自殺した居室の親族から、部屋を売却するので内緒にして欲しいと頼まれたが(2012年1月号掲載)

私達のマンションに住んでいた組合員のYさんが経済的苦境に悩んで居室内で首つり自殺しました。その後、Yさんの息子さんが管理事務所を訪ねてきて、「部屋を売るために不動産会社に仲介を依頼するが、部屋の中で自殺したことが分かれば買う人はいないので、内緒にしておいて欲しい」と頼まれました。Yさんは管理費等を滞納していたので、管理組合としても早めに売却してもらい、滞納金を清算してもらった方が良いと思いますが、仲介業者から聞かれた場合に自殺したことを黙っていても問題ないですか。

管理組合が当事者となった事件ではありませんが、家族の居住のためマンションを売買契約をして、手付金を払った後で、当該専有部分で縊首自殺をしたことが判明したため、買主が売買契約を解除して手付金の返還等を求めて争われた事件があります。

この事件で横浜地方裁判所(平成元年9月7日判決)は「売買の目的物に瑕疵があるというのは、その物が通常保有する性質を欠いていることをいうのであって、右目的物が建物である場合、建物として通常有すべき設備を有しない等の物理的欠陥としての瑕疵のほか、建物は、継続的に生活する場であるから、建物にまつわる嫌悪すべき歴史的背景等に原因する心理的欠陥も瑕疵と解することができる。

ところで、(中略)前記事由をもって解除をしうる瑕疵であるというためには、単に買主において右事由の存する建物の居住を好まないだけでは足らず、それが通常一般人において、買主の立場におかれた場合、右事由があれば、住み心地の良さを欠き、居住の用に適さないと感ずることに合理性があると判断される程度にいたったものであることを必要とすると解すべきである。

右の観点からみると、原告らは、小学生の子供二名との四人家族で、永続的な居住の用に供するために本件建物を購入したものであって、右の場合、本件建物に買受の六年前に縊首自殺があり、しかも、その後もその家族が居住しているものであり、本件建物を、他のこれらの類歴のない建物と同様に買い受けるということは通常考えられないことであり、右居住目的からみて、通常人においては、右自殺の事情を知ったうえで買い受けたのであればともかく、子供も含めた家族で永続的な居住の用に供することははなはだ妥当性を欠くことは明らかであり、また、右は、損害賠償をすれば、まかなえるというものでもないということができる」と判示して、買主の手付金等の返還を認めました。

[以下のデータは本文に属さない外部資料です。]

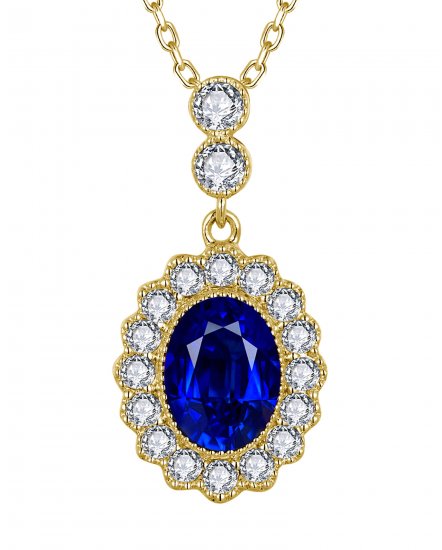 OVAL SAPPHIRE DIAMOND PENDANT (TP4118)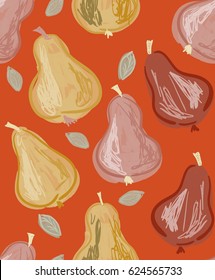 Repeating pattern with Hand drawn with pencils pears on orange.Hand drawn with ink and colored with marker brush seamless background. Creative seasonal design with abstract fruits.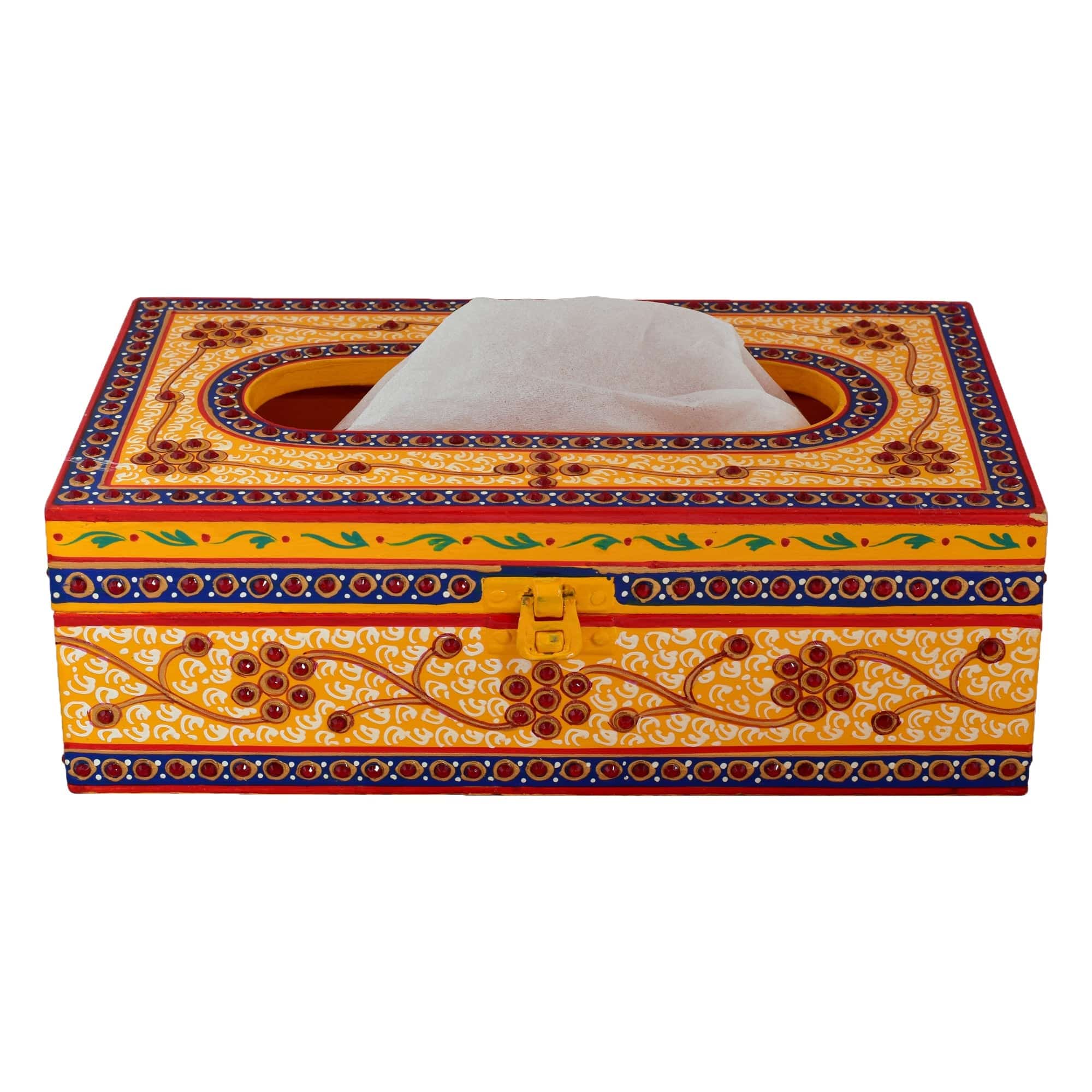 Hand Painted Wooden Tissue Box - Yellow & Red Embossed Mughal Art - India shopping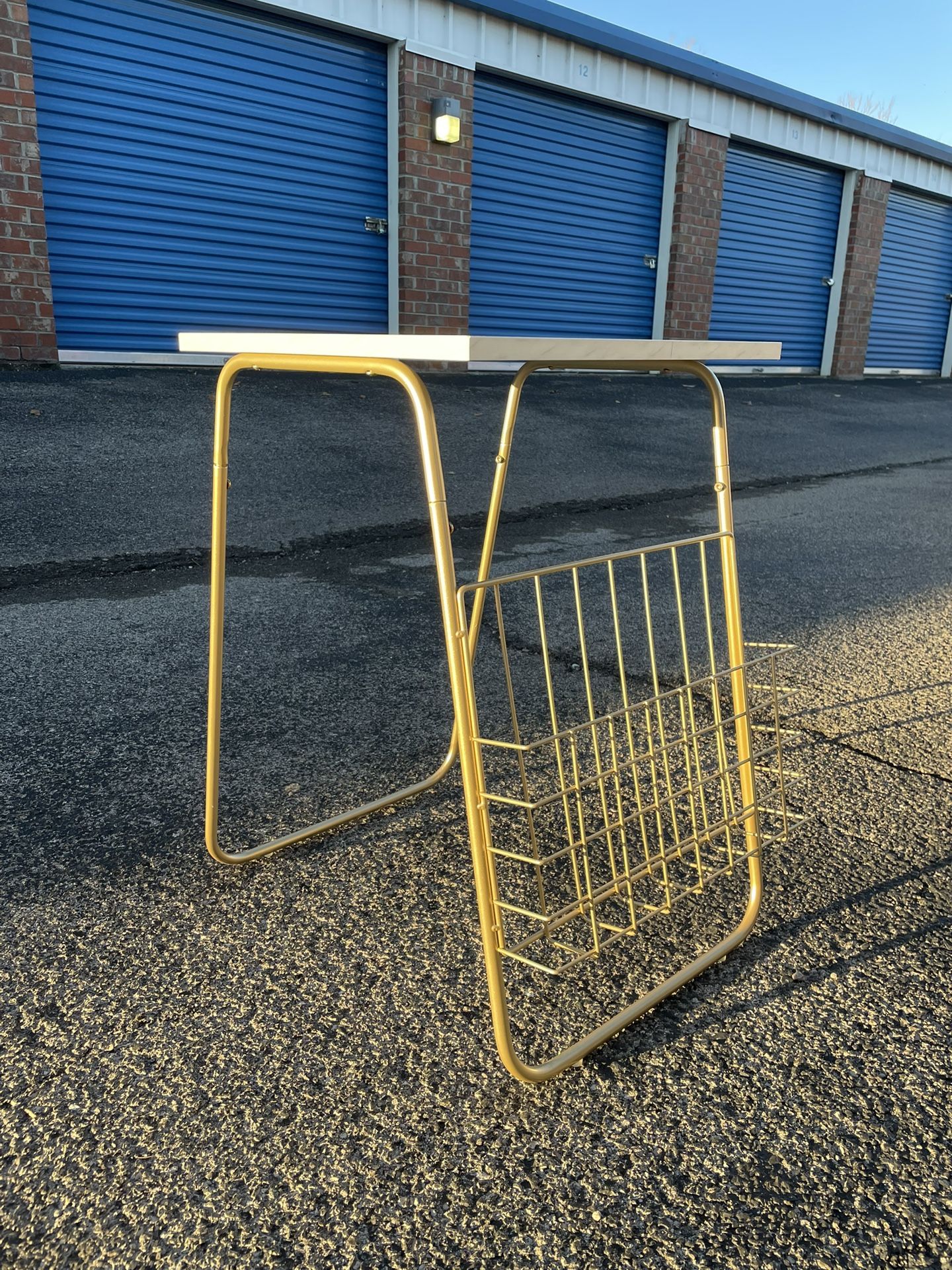 Side Table With Magazine Rack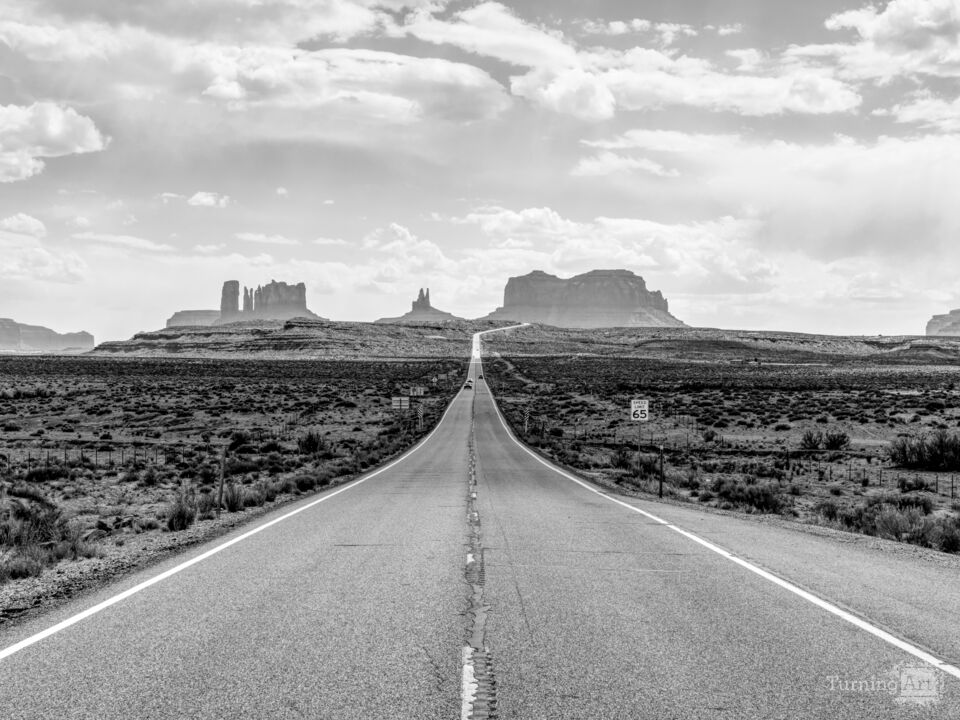 Forrest Gump Point Mexican Hat Utah Grayscale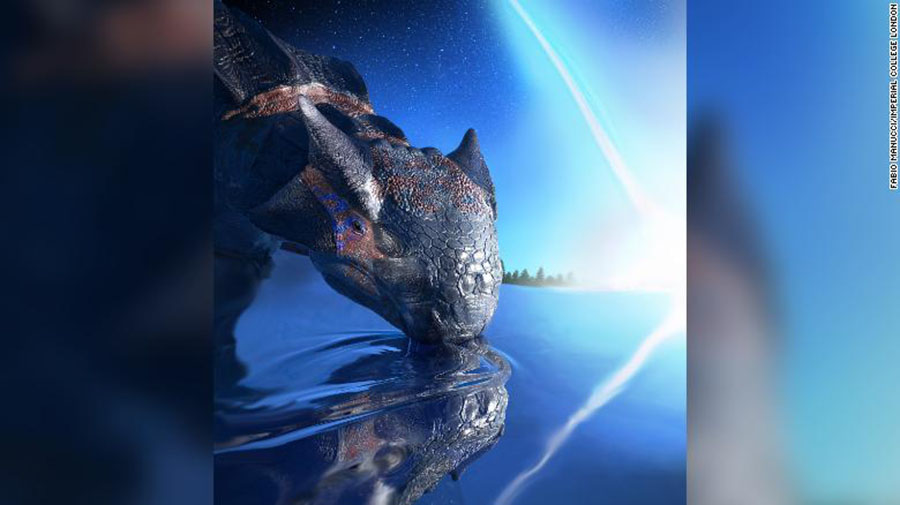 A large armored dinosaur species, Ankylosaurus magniventris, drinks from a watering hole while an asteroid crashes on the Yucatán peninsula in Mexico 66 million years ago.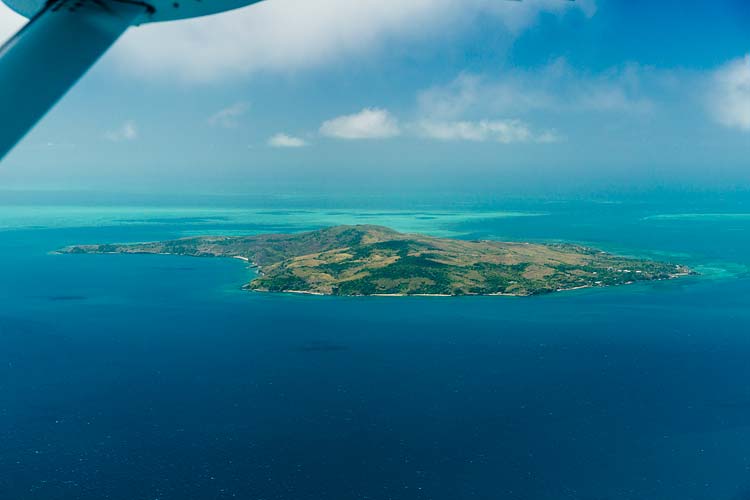 Aerial view of Erub Island in the Torres Strait, Far North Queensland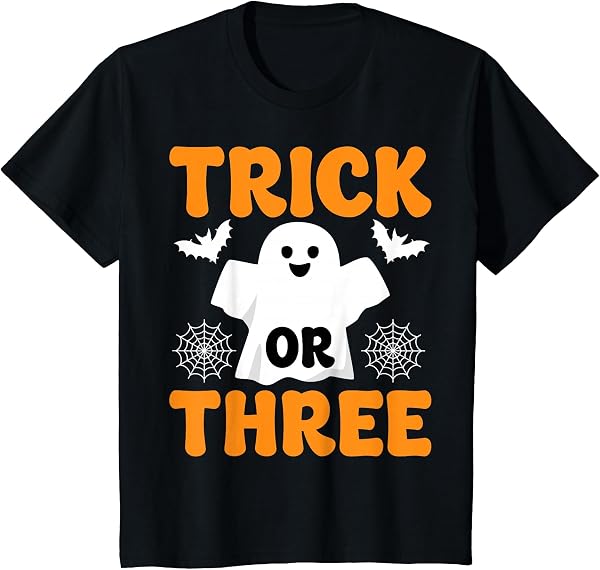 Kids Trick or Three Halloween Spooky Ghost Kids 3rd Birthday T-Shirt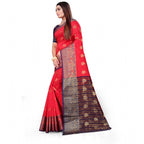Seduva Women's Silk Blend Woven Saree With Unstitched Blouse 5.5Mtr (Red)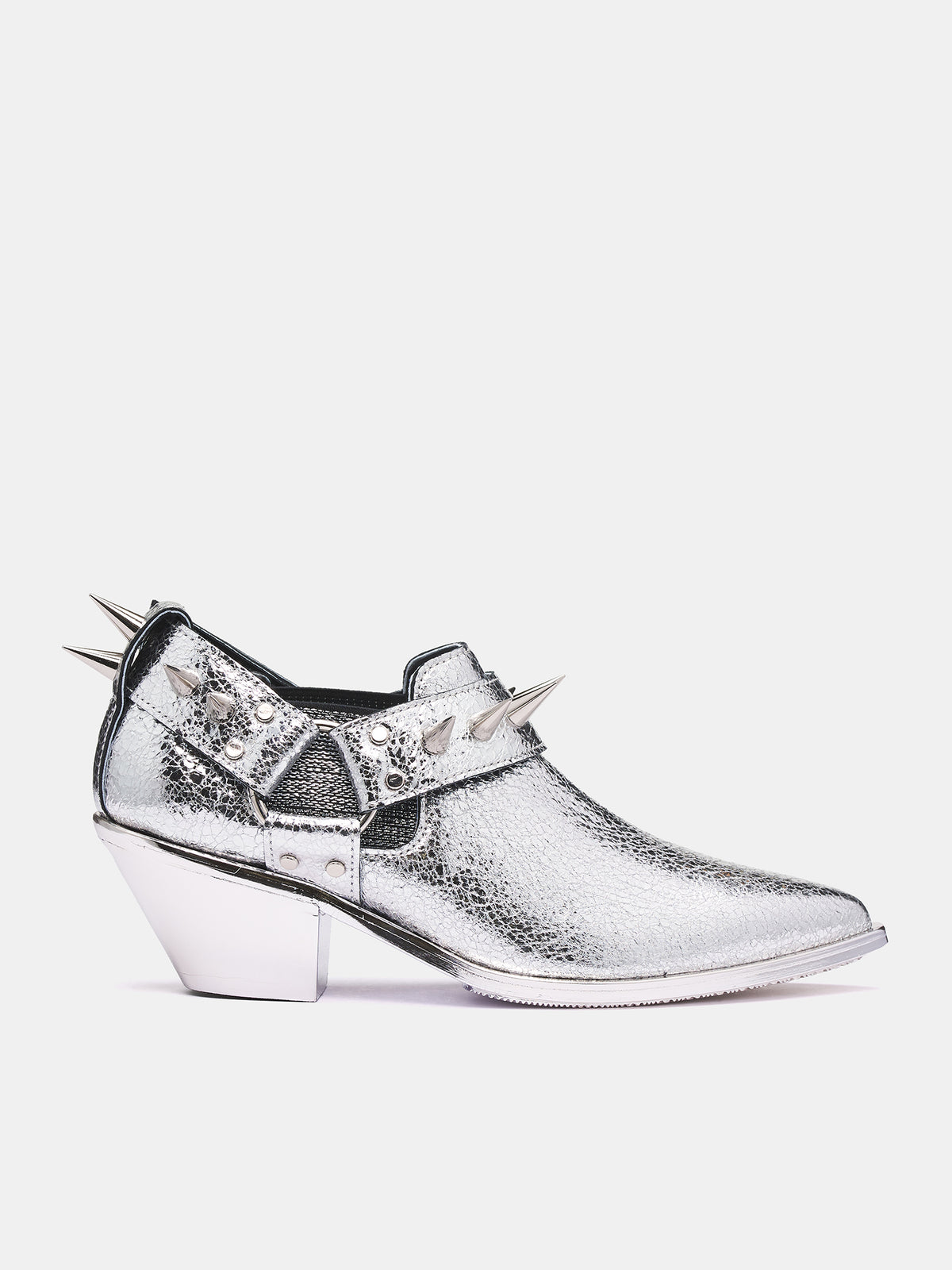 Metallic Spiked Ankle Boot (JO-K107-S25-SILVER)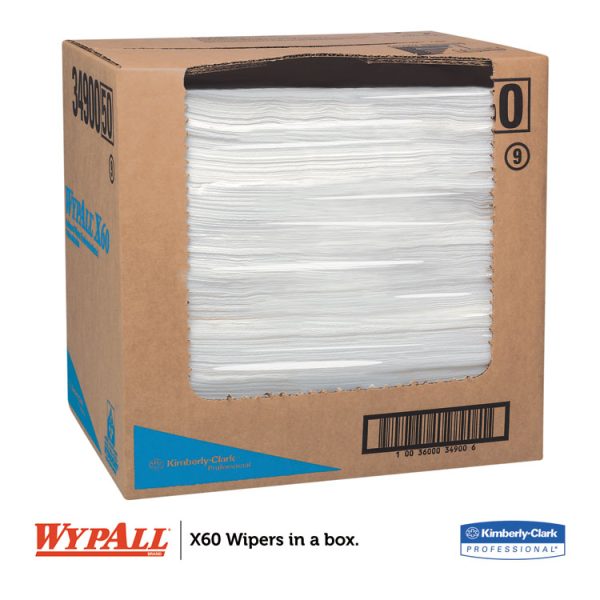 General Clean X60 Cloths, Flat Sheet, 12.5 x 16.8, White, 150/Box, 6 Boxes/Carton - Image 3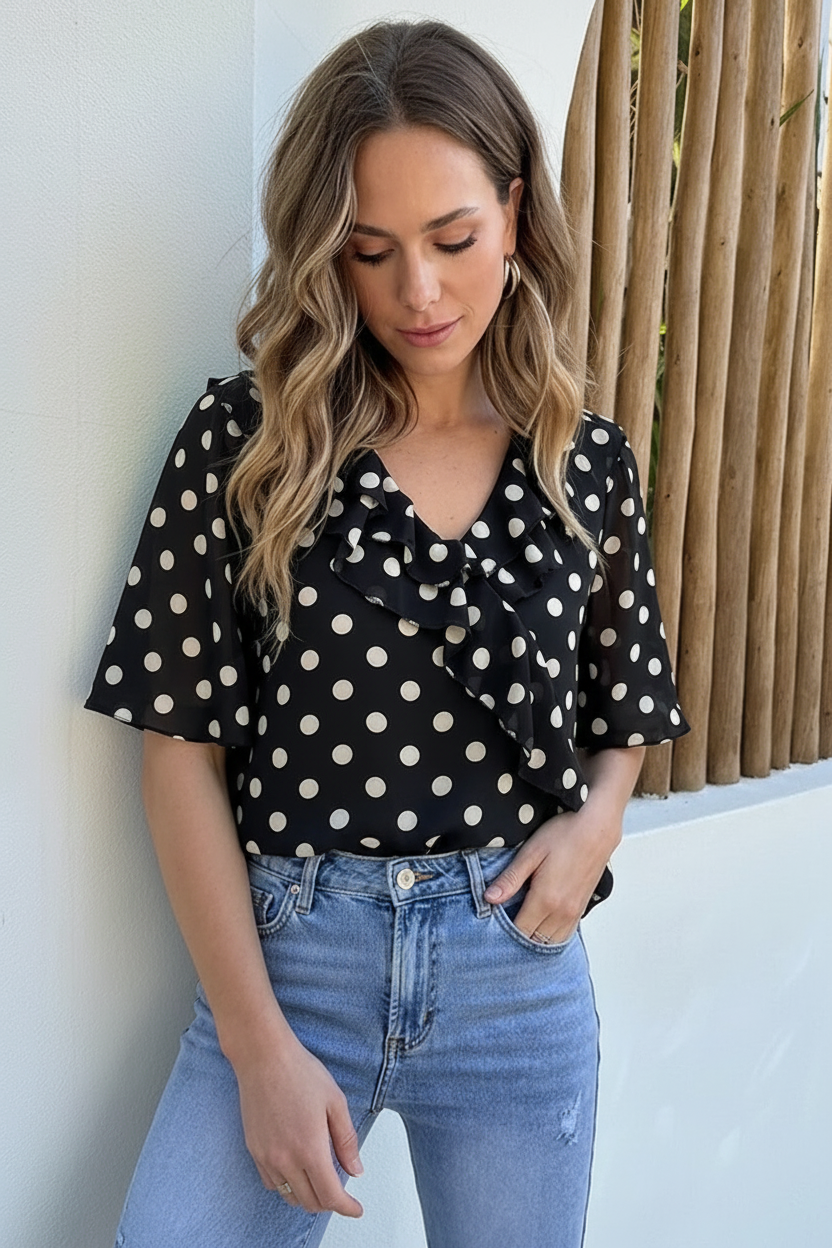 Ruffle Blouse Polkadots Zwart – blouses, foto 5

つまり、住むことを目的として購入した部屋で自殺があれば、通常の一般人であれば購入しないであろうから、瑕疵があると評価できるということです。

宅建業法の重要事項説明義務には、建物内で自殺や殺人事件があった場合の規定はありませんが、取引の相手方の判断に重要な影響を及ぼす事実を認識している場合は故意に黙っていることを禁止する規定が宅建業法にはありますので、仲介業者はこの点の確認を求めることが良くあります。

管理組合としては、自殺の事実を把握しているのであれば、自殺した事実はないと嘘を言ってはいけません。本件で、自殺した事実を把握しているのであれば仲介業者に対して事実を答えるべきです。

他方で、仲介業者から何も聞かれていないのに答える義務まではないと考えますが、後で発覚した場合売主と買主との間でトラブルとなることは明らかですから、自殺の事実が明確であれば情報として提供した方が良いでしょう。

これに対して、自殺か病死か不明であるなどの場合は、むしろ憶測や噂に基づく曖昧な情報は提供すべきではないと考えます。